Registros recentes no Pantanal Mato-grossense mostram ‘Pantaneiro’, jovem macho de onça-pintada circulando por uma área que, segundo o comportamento típico da espécie, ele já deveria ter deixado. A permanência no território materno chama atenção de pesquisadores e reforça uma regra central da ecologia dos grandes felinos: machos precisam se afastar para garantir a sobrevivência da espécie.

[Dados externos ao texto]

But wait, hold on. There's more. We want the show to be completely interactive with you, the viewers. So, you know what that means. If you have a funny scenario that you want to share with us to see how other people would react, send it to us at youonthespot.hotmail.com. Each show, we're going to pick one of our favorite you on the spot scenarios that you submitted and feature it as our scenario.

O comportamento chamou atenção do fotógrafo e observador da vida selvagem Fábio Paschoal, que acompanha a região há anos. Em publicação nas redes sociais, ele destacou que Pantaneiro já não depende mais da mãe, mas voltou a circular em uma área sensível do território. “Pantaneiro já desgarrou da Medrosa faz um tempo. Mas, em meus últimos dias no Pantanal, começamos a avistá-lo constantemente em uma das árvores favoritas da mãe”, escreveu.

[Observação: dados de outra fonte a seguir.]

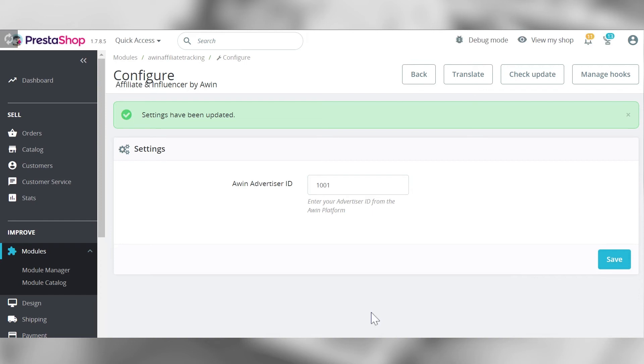Now that we've implemented the tracking, we need to do a test to make sure everything is working.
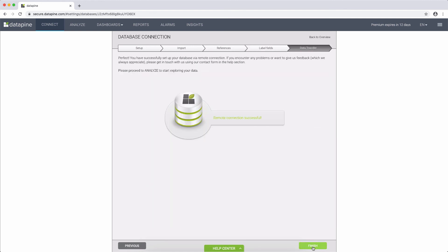And here is the last tab. If we would have selected the data warehouse option earlier, we would see a button saying start data transfer. However, since we selected real-time remote connection, we are now already done and can proceed to the analyzer to create the first chart.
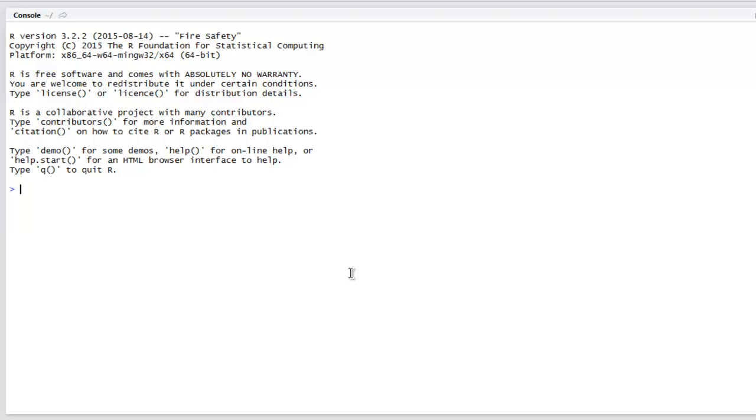Hi there. In this video, I'm going to show you how to import MySQL data in RStudio.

Segundo ele, a presença recorrente do jovem macho foge do padrão esperado para a espécie. “Na natureza, mães onças-pintadas costumam ceder parte do território às filhas, mas com os machos o recado é outro: vá pra longe”, afirmou. A regra, explica o fotógrafo, existe para evitar cruzamentos consanguíneos e conflitos futuros, uma dinâmica considerada básica na convivência desses animais na mata.
A imagem que chama atenção é a de um animal aparentemente tranquilo, deitado no alto de uma árvore, observando o entorno. Mas, para quem estuda o comportamento das onças, a cena não é simples. A presença prolongada em um território dominado por uma fêmea adulta pode indicar um momento decisivo no ciclo de vida do jovem.

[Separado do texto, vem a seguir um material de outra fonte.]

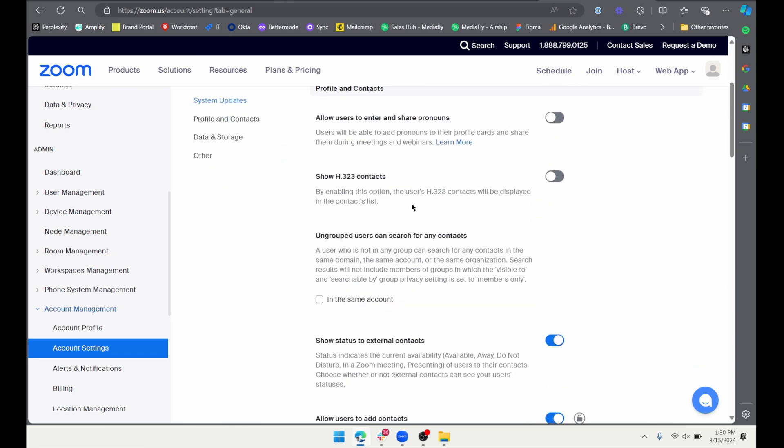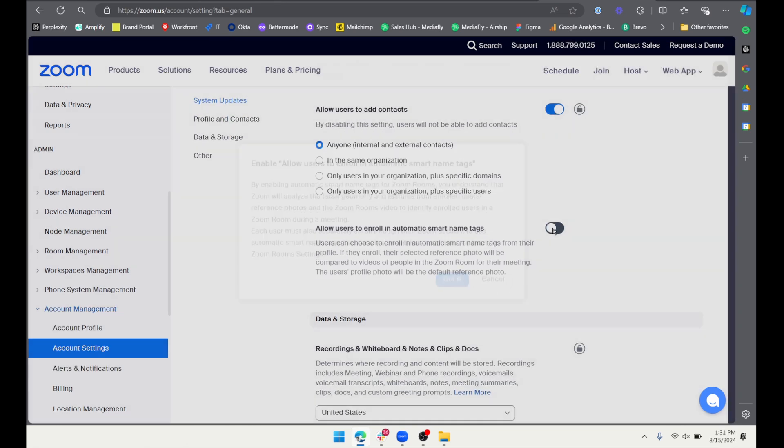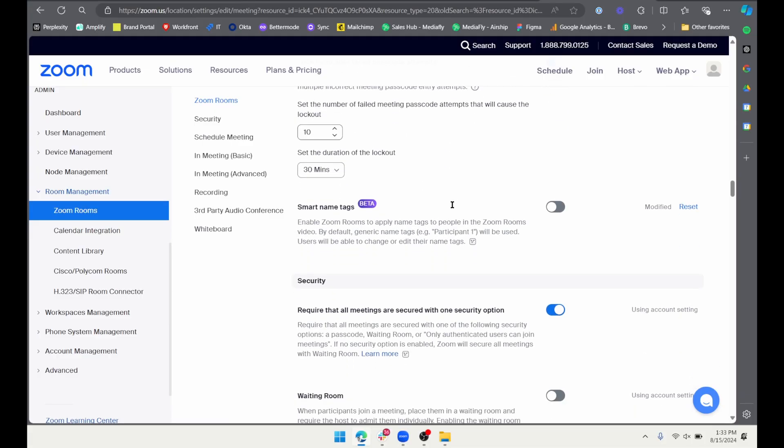Setup is quick and simple. From an account level, you're going to need to enable Smart Name Tags for your organization. Then, within each group or individual room, you'll also need to toggle name tags on. From there, the name tags themselves can be applied automatically or manually. For automatic tagging, users will need to enable identification through their personal Zoom profile. They'll also need to be in the meeting invitation or paired to the Zoom room. Or you can manually create the tag through the tap controller — so automatic or manual.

Quando chega a hora de ir embora
Após o período de dependência, filhotes machos entram em uma fase conhecida como dispersão. É quando passam a se afastar gradualmente da área onde nasceram, em busca de um território próprio. Esse processo é fundamental para evitar cruzamentos consanguíneos e reduzir confrontos futuros entre machos adultos.
Diferentemente das fêmeas, que podem tolerar filhas por mais tempo em áreas próximas, a convivência entre mãe e filho macho costuma ter prazo curto. Quanto maior a permanência, maior o risco de conflito. Por isso, registros como esse despertam interesse científico e ajudam a entender os limites dessa tolerância.
Território é sobrevivência
No Pantanal mato-grossense, onde a densidade de onças-pintadas é uma das maiores do mundo, o uso do território é estratégico. Árvores altas, margens de rios e áreas elevadas funcionam como pontos de observação, descanso e domínio espacial. A escolha desses locais não é aleatória e revela muito sobre hierarquia e comportamento.
A presença do jovem macho em pontos recorrentes do território materno sugere que o rompimento definitivo ainda não ocorreu, mas pode estar próximo. Em muitos casos, esse afastamento se intensifica quando a fêmea entra em um novo ciclo reprodutivo.
Uma fêmea emblemática do Pantanal
Conhecida pelos pesquisadores que atuam na região, a onça-pintada Medrosa é monitorada como parte das ações do Jaguar Identification Project, iniciativa voltada à preservação e ao estudo da espécie no Pantanal Mato-grossense. O projeto atua em uma área que abriga a maior população de onças-pintadas do planeta.
Ao longo dos últimos anos, Medrosa protagonizou registros que ajudaram a popularizar o comportamento da espécie. Um deles foi gravado em Porto Jofre, a cerca de 104 quilômetros de Cuiabá, quando a felina foi filmada saltando mais de três metros direto no rio para capturar um jacaré adulto.
Em outro episódio, registrado em 2024 no Parque Estadual Encontro das Águas, a onça aparece saltando mais de oito metros do chão em uma tentativa de ataque, um comportamento raro que evidencia a força, a precisão e a capacidade de adaptação do maior felino das Américas.